══ STORED DATA ══

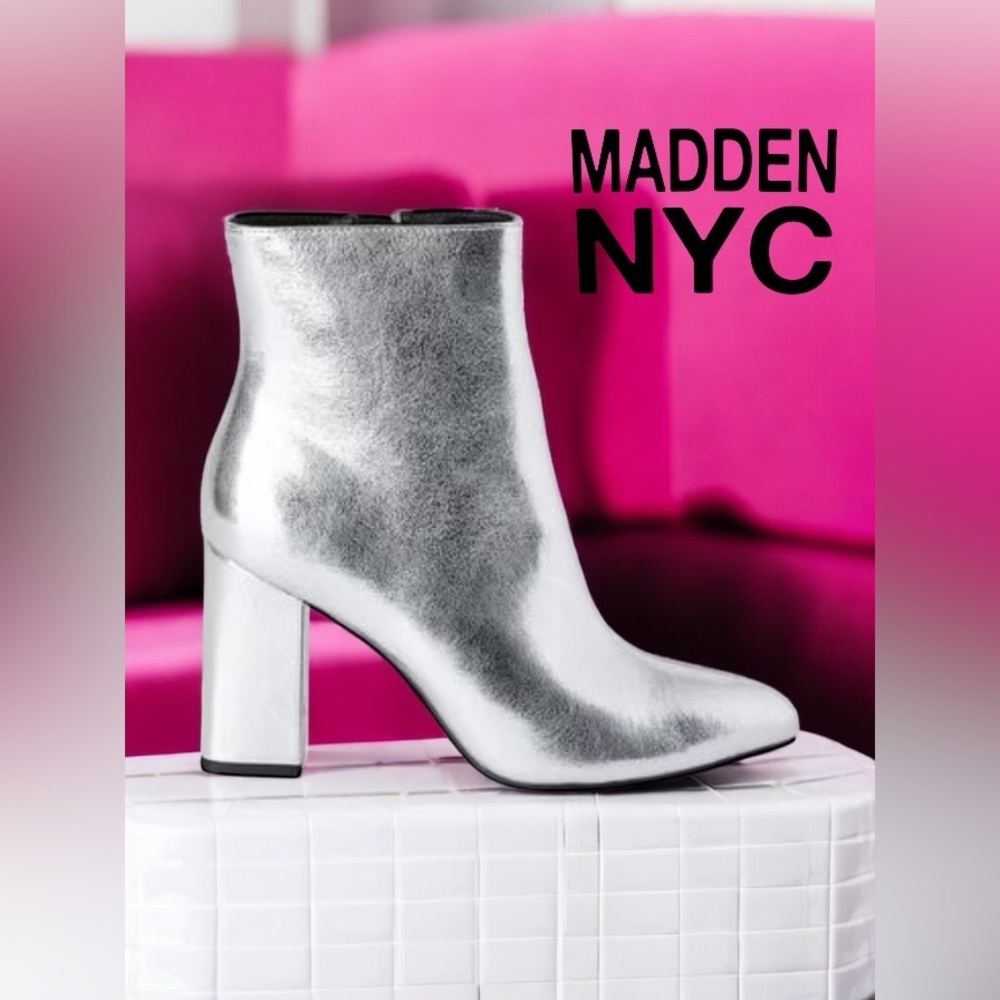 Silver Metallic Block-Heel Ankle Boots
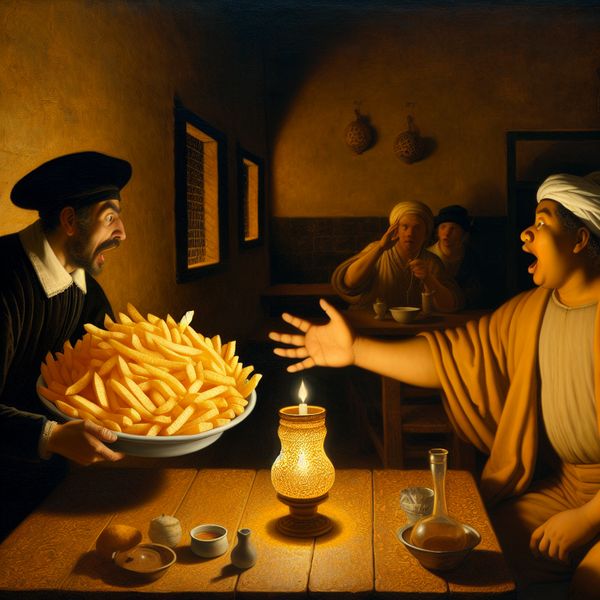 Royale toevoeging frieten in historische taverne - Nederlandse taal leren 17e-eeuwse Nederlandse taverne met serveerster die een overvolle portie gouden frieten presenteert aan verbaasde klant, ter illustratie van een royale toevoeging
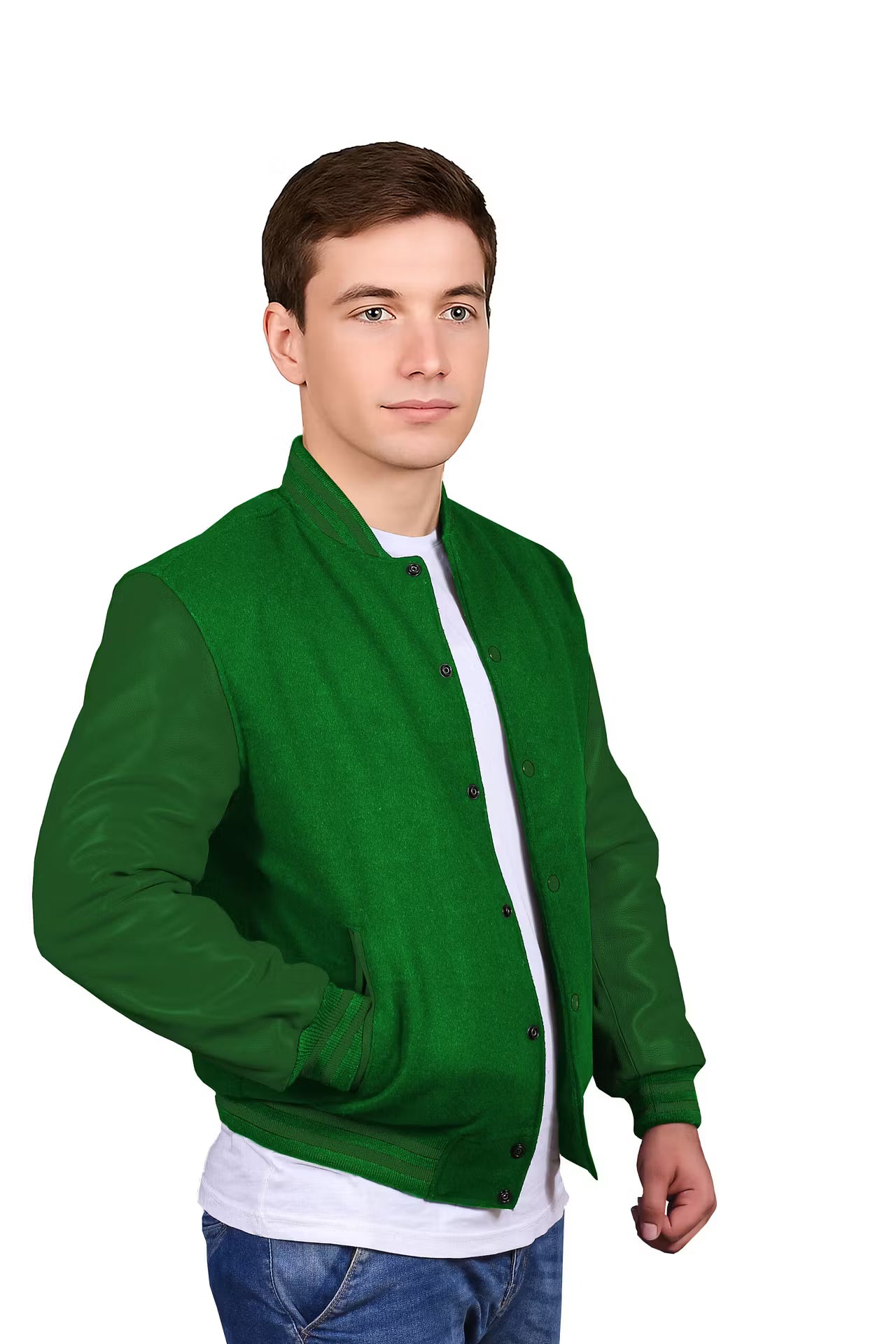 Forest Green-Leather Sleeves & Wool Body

═══

* WORK TO COMPLETE
Print exactly the span of lines that begins with the line containing "Royale toevoeging frieten" and ends with the last line of the listing, with no pictures.

* COMPLETED TASK
 Royale toevoeging frieten in historische taverne - Nederlandse taal leren 17e-eeuwse Nederlandse taverne met serveerster die een overvolle portie gouden frieten presenteert aan verbaasde klant, ter illustratie van een royale toevoeging
 Forest Green-Leather Sleeves & Wool Body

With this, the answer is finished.